As output, give the exact lines from the one containing "5 bed Terraced for sale Image 9" through the end of the listing below, both included, without the pictures.

-- Extracted records follows --

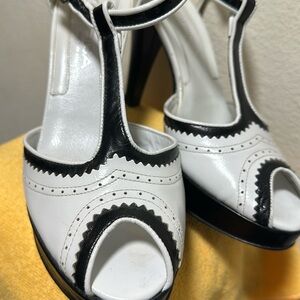 Worn 1x VIA SPIGA Platform Heels T-Strap Spectator Strappy 6 M ITALY Brogue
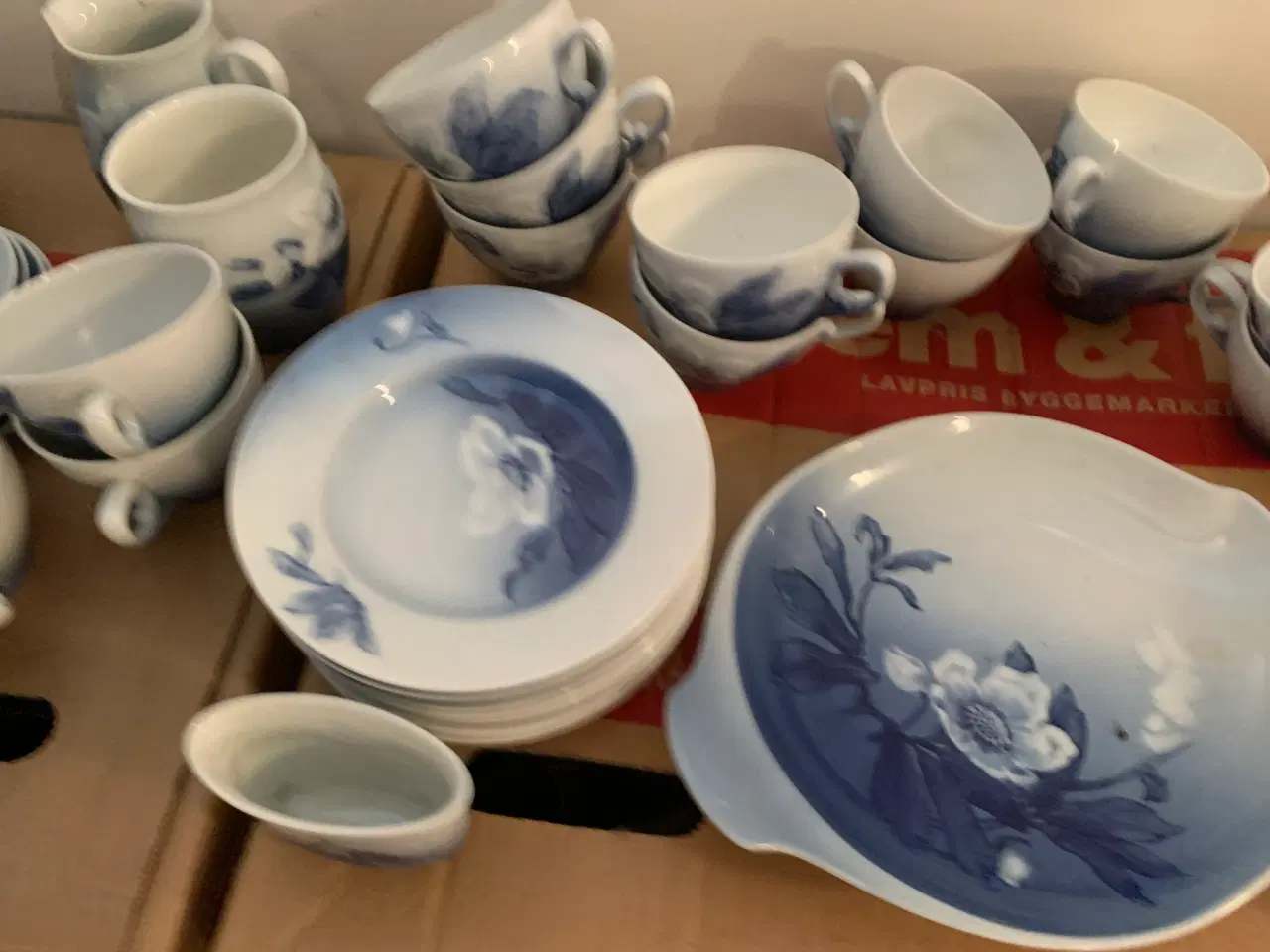 Billede 8 - Fint Julerose stel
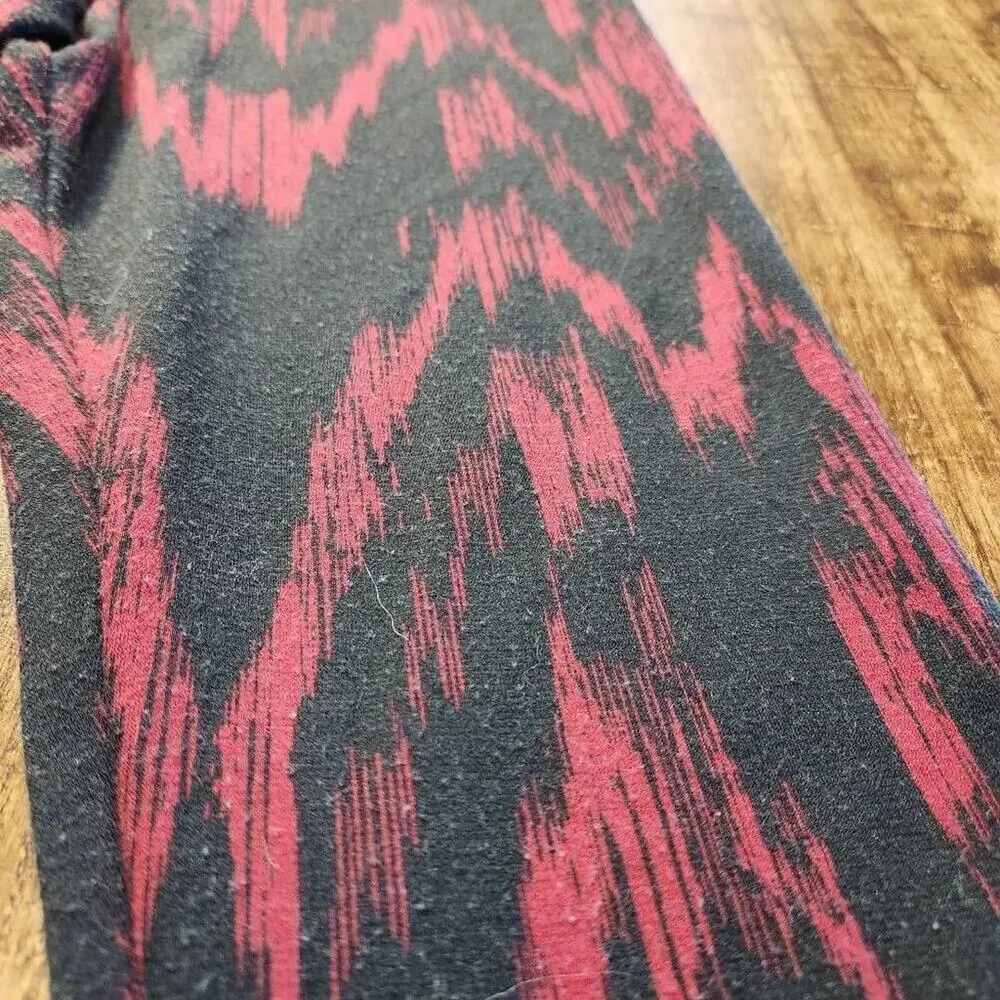 Nollie 2000s emo leggings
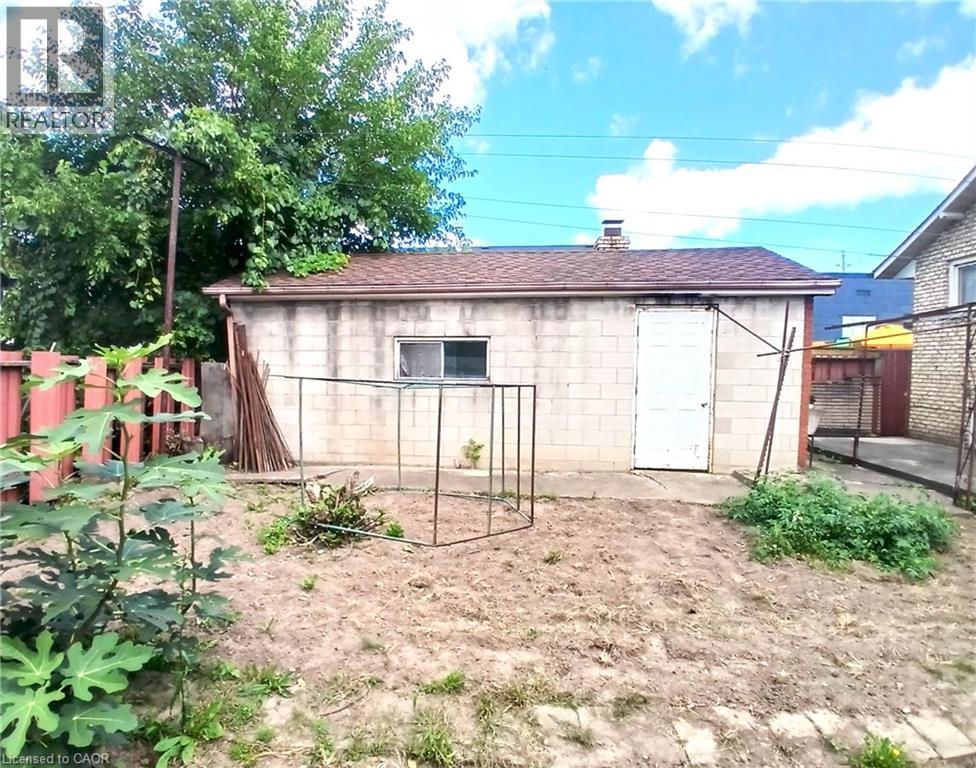 118 CRAIGROYSTON Road - 31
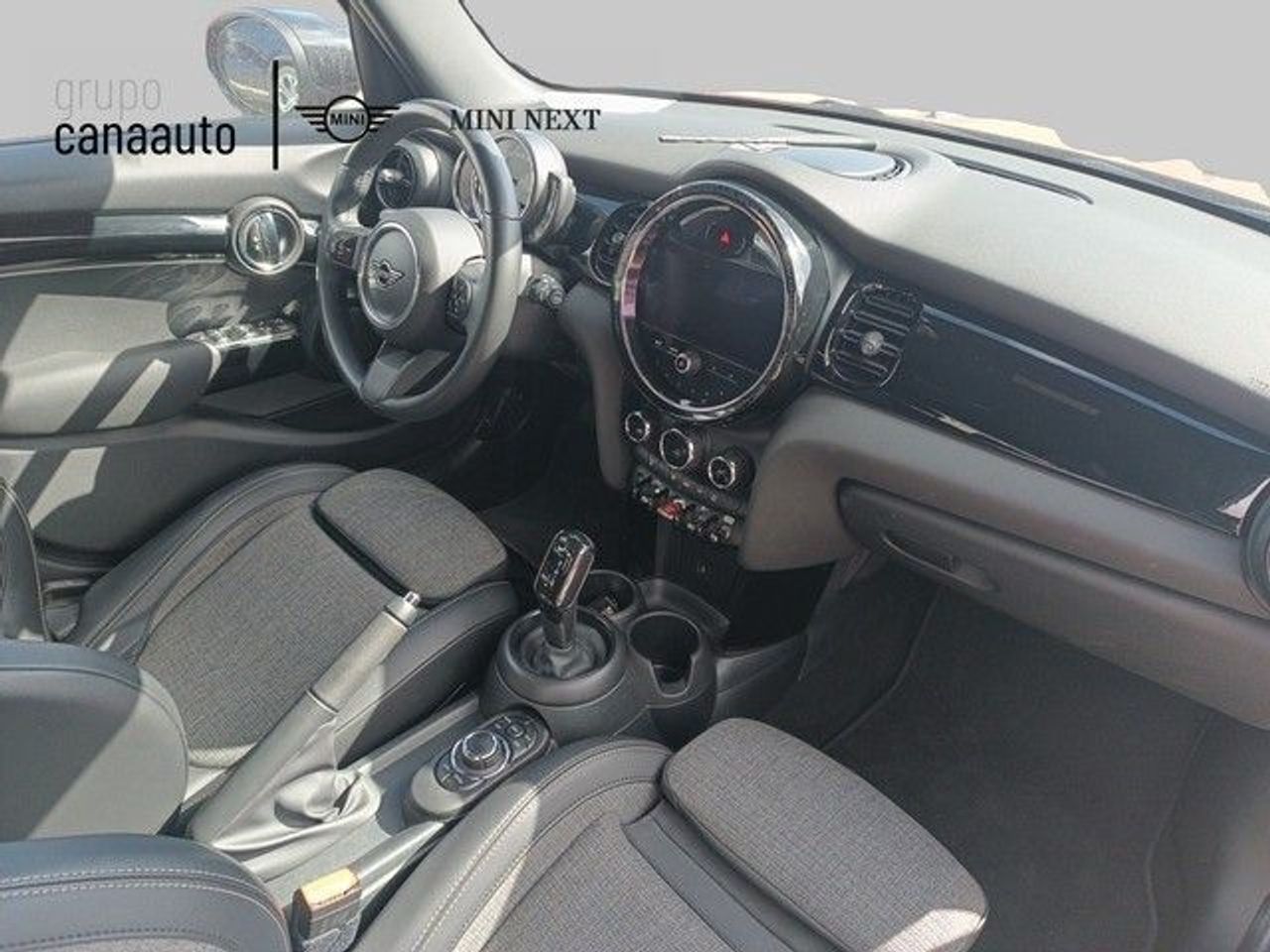 MINI 5 Puertas Cooper 100 kW (136 CV) - Foto 2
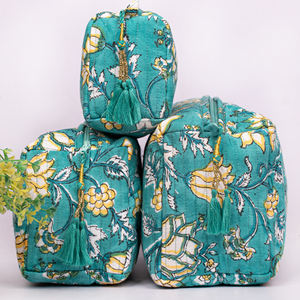 Sacs de voyage matelassés en coton faits à la main pour femmes, trousses de toilette imprimées à motifs floraux personnalisés, pochettes organisatrices de cosmétiques en gros - Product Image 2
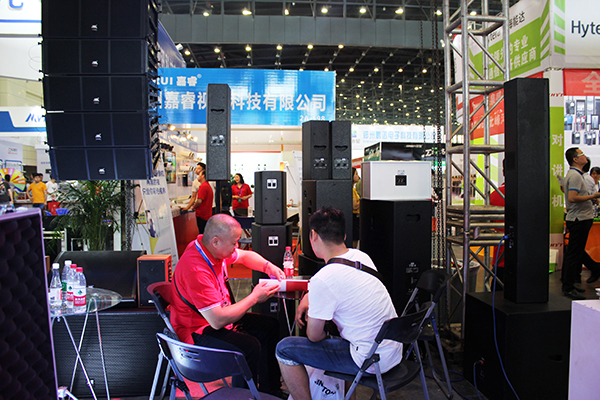 2017河南灯光音响展【茄子短视频污音响品牌】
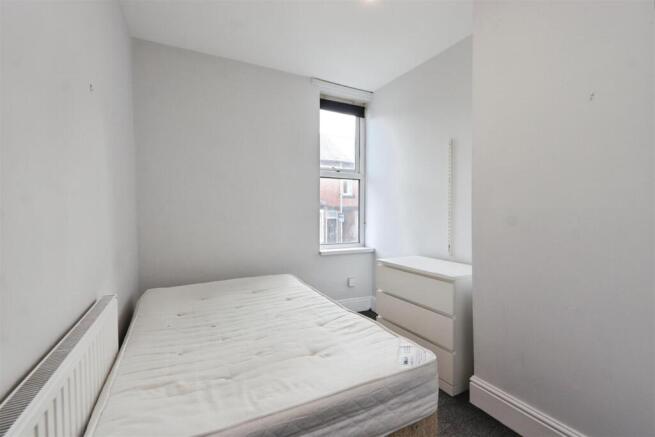5 bed Terraced for sale Image 9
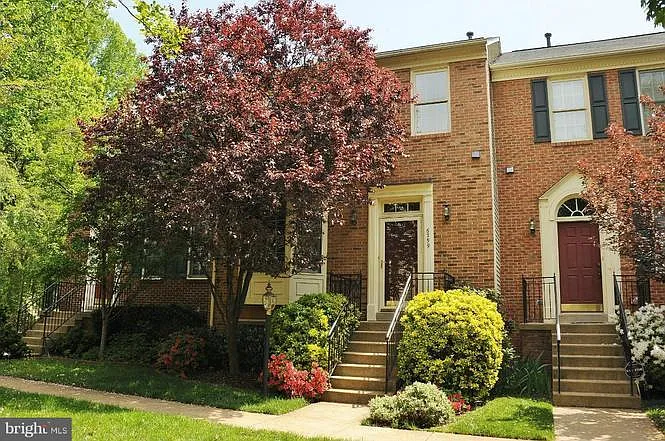 6759 Royal Thomas Way — Photo 1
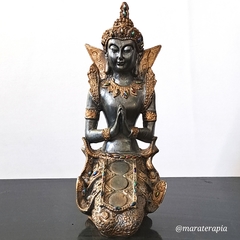 Buda ajoelhado  25cm gesso e adorno MOD 02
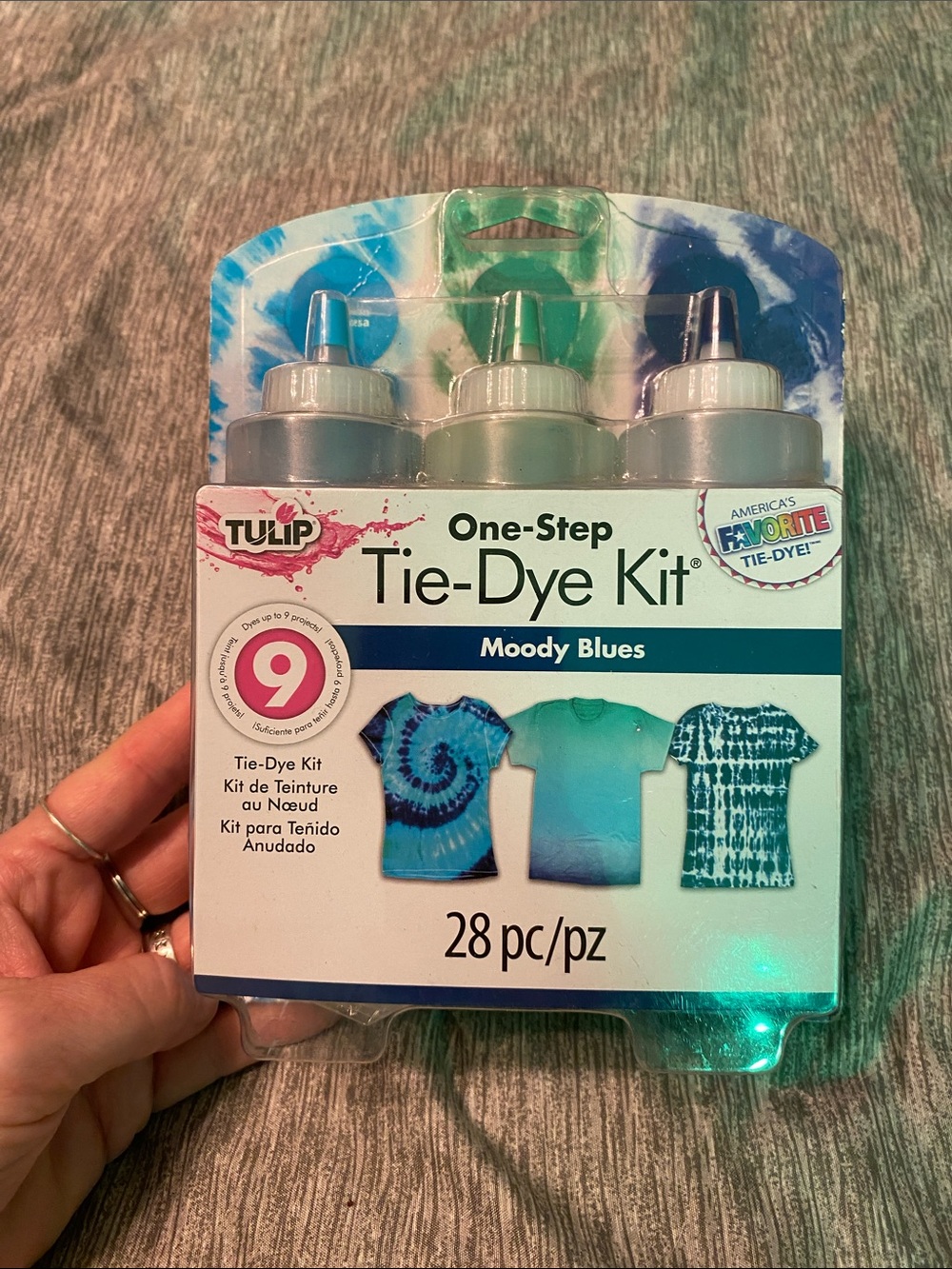 Tulip One-Step Tie-Dye Kit Premium Supplies Easy Techniques & Fabric Designs NEW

-- Extracted records concluded --

§ **Response for this exercise**
5 bed Terraced for sale Image 9
 6759 Royal Thomas Way — Photo 1
 Buda ajoelhado  25cm gesso e adorno MOD 02
 Tulip One-Step Tie-Dye Kit Premium Supplies Easy Techniques & Fabric Designs NEW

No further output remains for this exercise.